■ Task item:
Where an image appears, leave it out; otherwise repeat the data exactly.

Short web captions
□ □ □

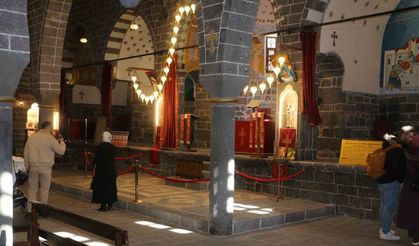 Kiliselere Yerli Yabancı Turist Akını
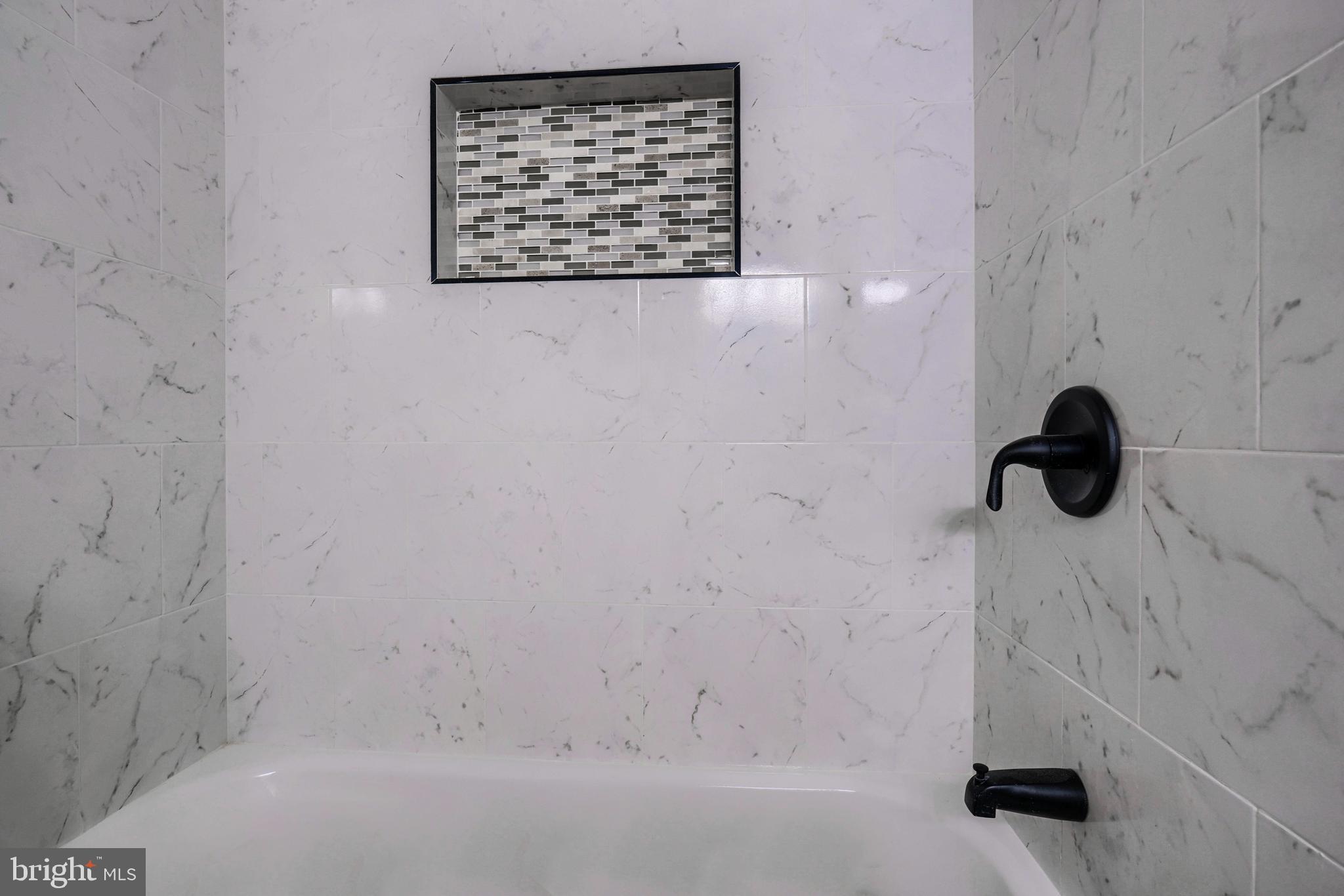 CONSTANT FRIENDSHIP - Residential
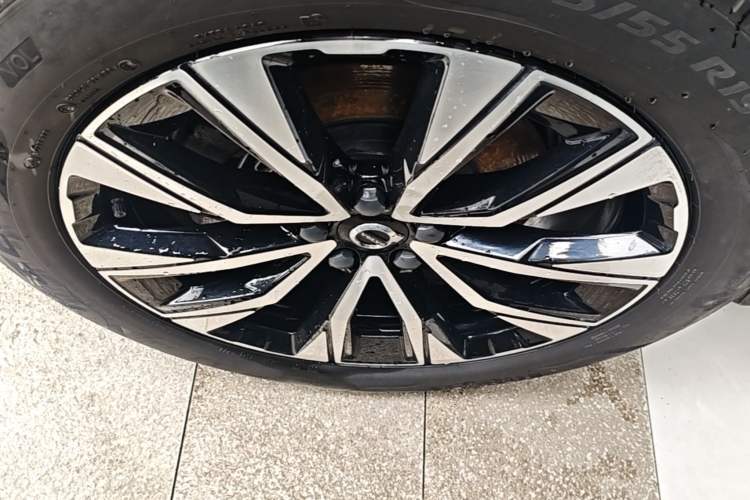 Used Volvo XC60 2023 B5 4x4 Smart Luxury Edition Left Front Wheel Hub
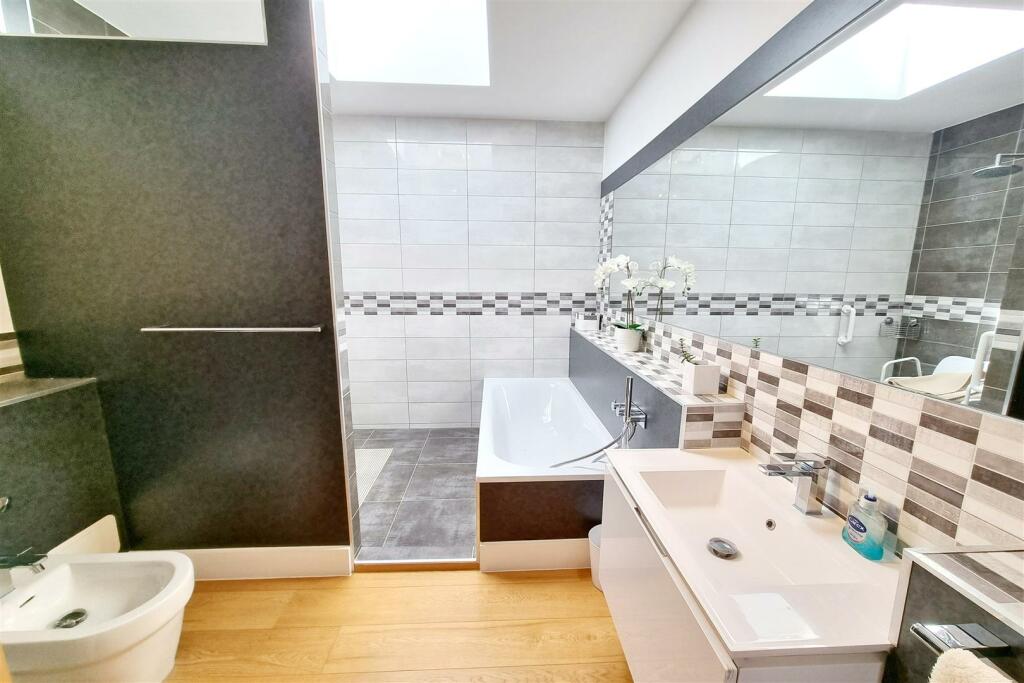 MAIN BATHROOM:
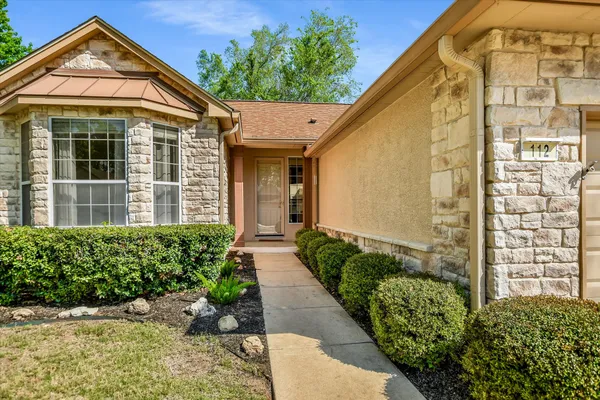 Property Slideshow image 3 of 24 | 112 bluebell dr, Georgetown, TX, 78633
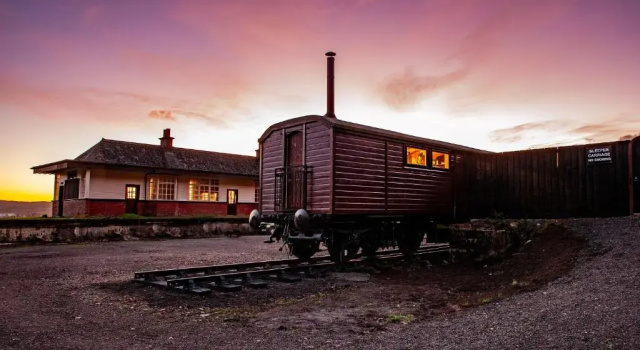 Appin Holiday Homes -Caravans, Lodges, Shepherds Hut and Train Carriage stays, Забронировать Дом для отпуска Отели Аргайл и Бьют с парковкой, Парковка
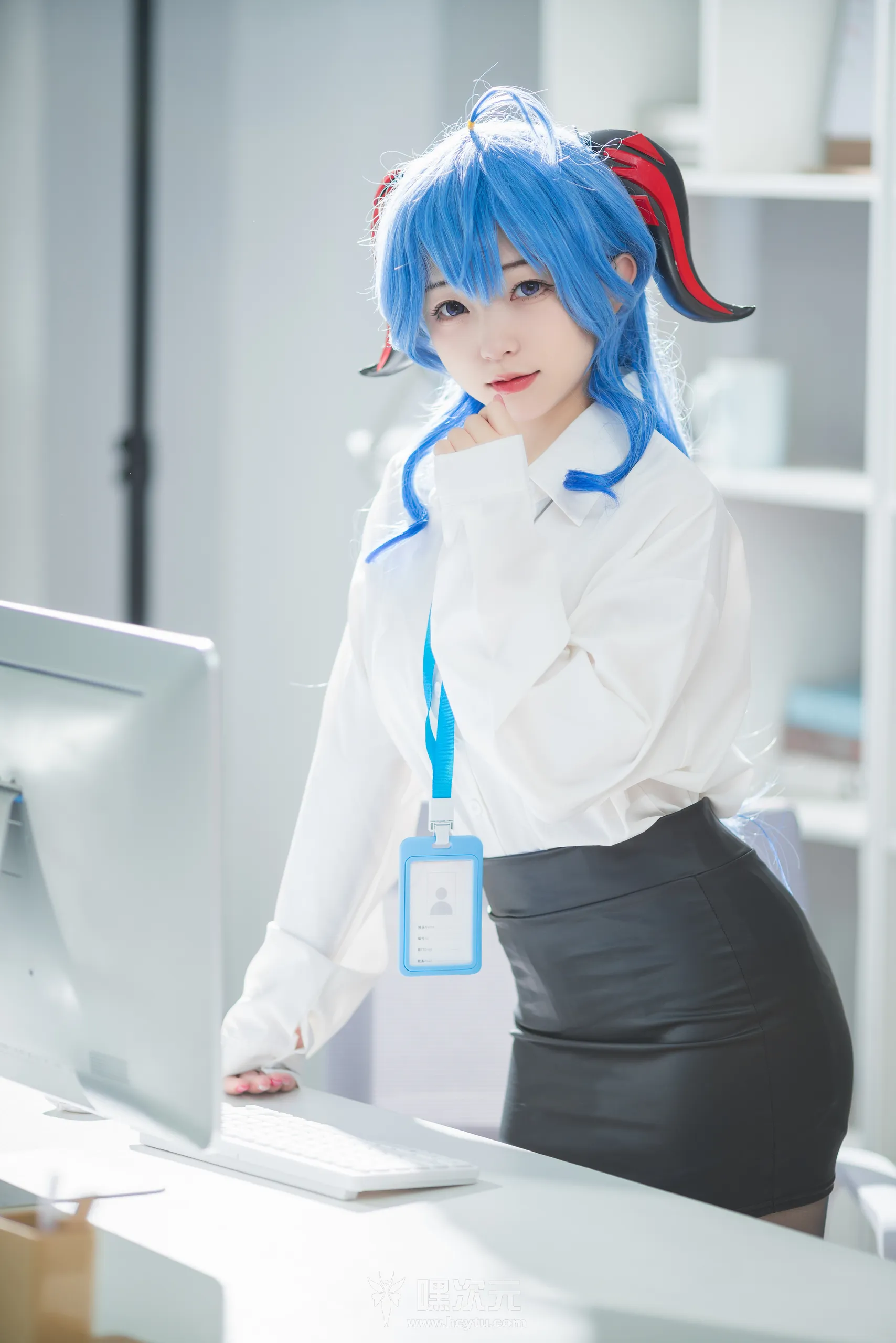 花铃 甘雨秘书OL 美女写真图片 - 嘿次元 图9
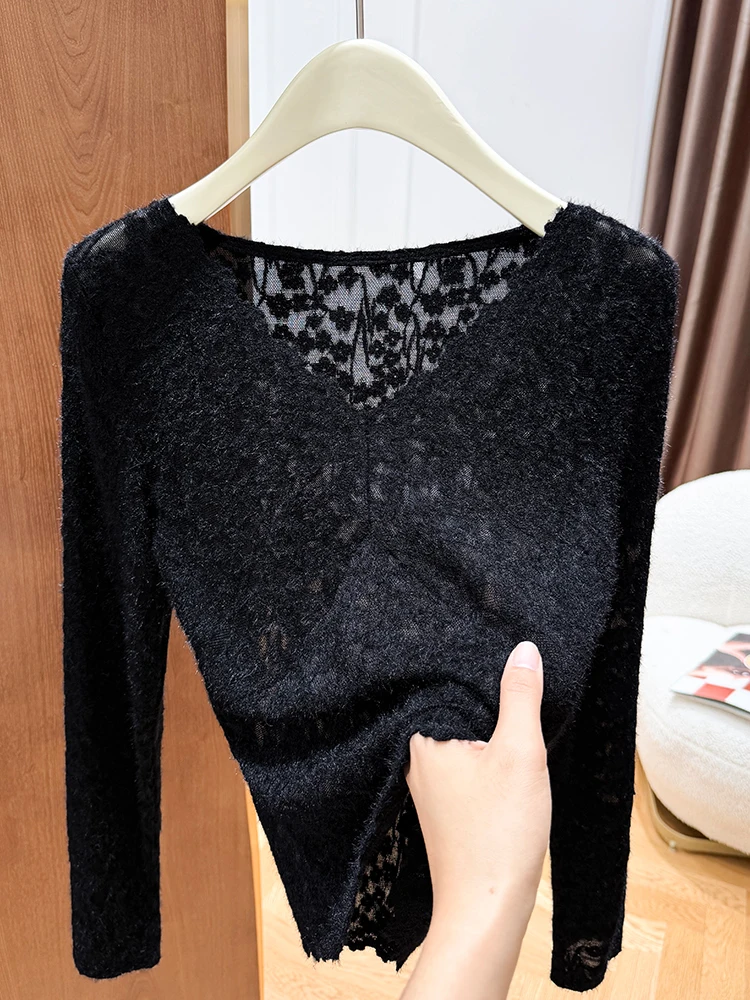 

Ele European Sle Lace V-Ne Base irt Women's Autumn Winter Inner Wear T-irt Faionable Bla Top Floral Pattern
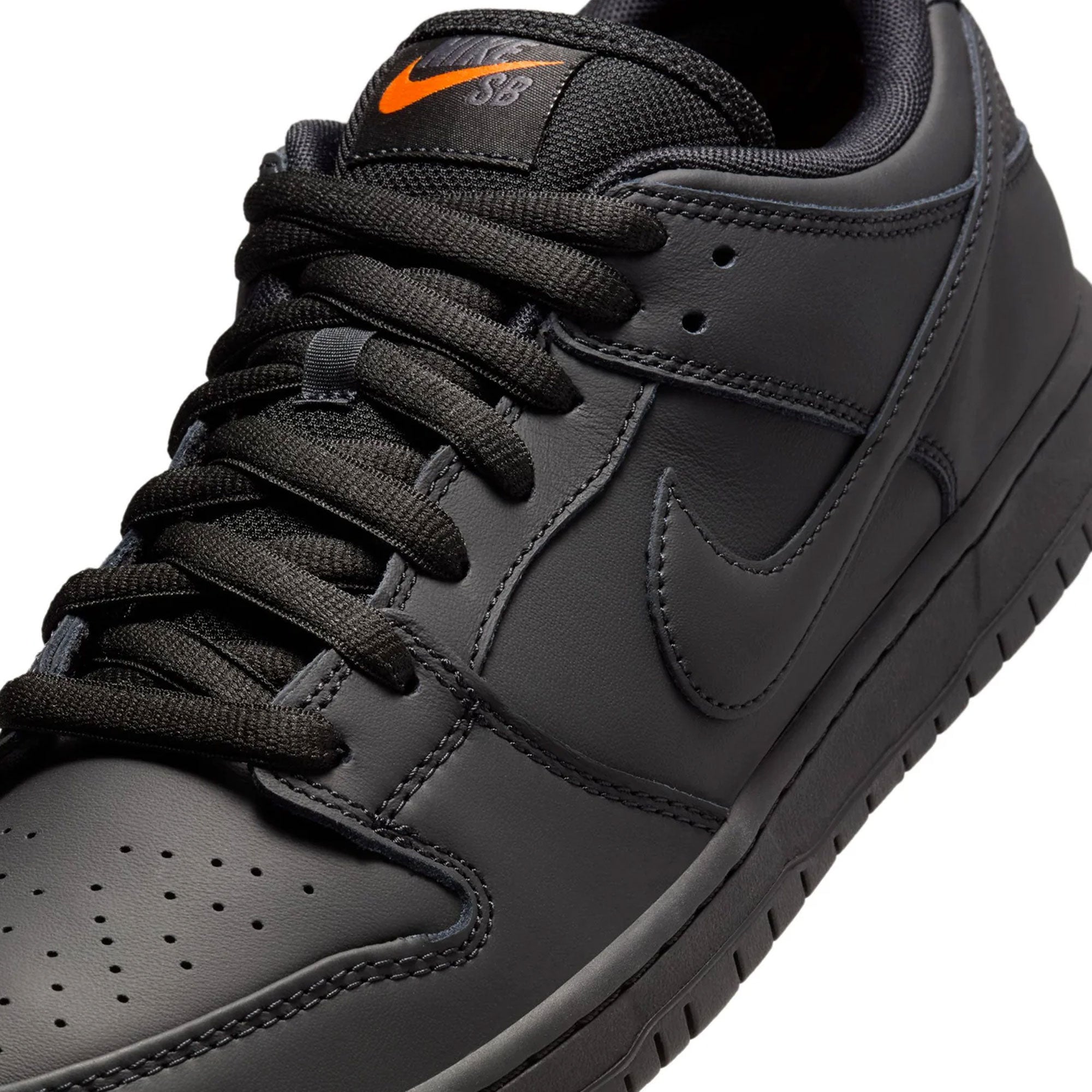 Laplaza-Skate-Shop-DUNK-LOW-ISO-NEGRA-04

□ □ □

■ Answer for the task:
 Kiliselere Yerli Yabancı Turist Akını
 CONSTANT FRIENDSHIP - Residential
 Used Volvo XC60 2023 B5 4x4 Smart Luxury Edition Left Front Wheel Hub
 MAIN BATHROOM:
 Property Slideshow image 3 of 24 | 112 bluebell dr, Georgetown, TX, 78633
 Appin Holiday Homes -Caravans, Lodges, Shepherds Hut and Train Carriage stays, Забронировать Дом для отпуска Отели Аргайл и Бьют с парковкой, Парковка
 花铃 甘雨秘书OL 美女写真图片 - 嘿次元 图9

Ele European Sle Lace V-Ne Base irt Women's Autumn Winter Inner Wear T-irt Faionable Bla Top Floral Pattern
 Laplaza-Skate-Shop-DUNK-LOW-ISO-NEGRA-04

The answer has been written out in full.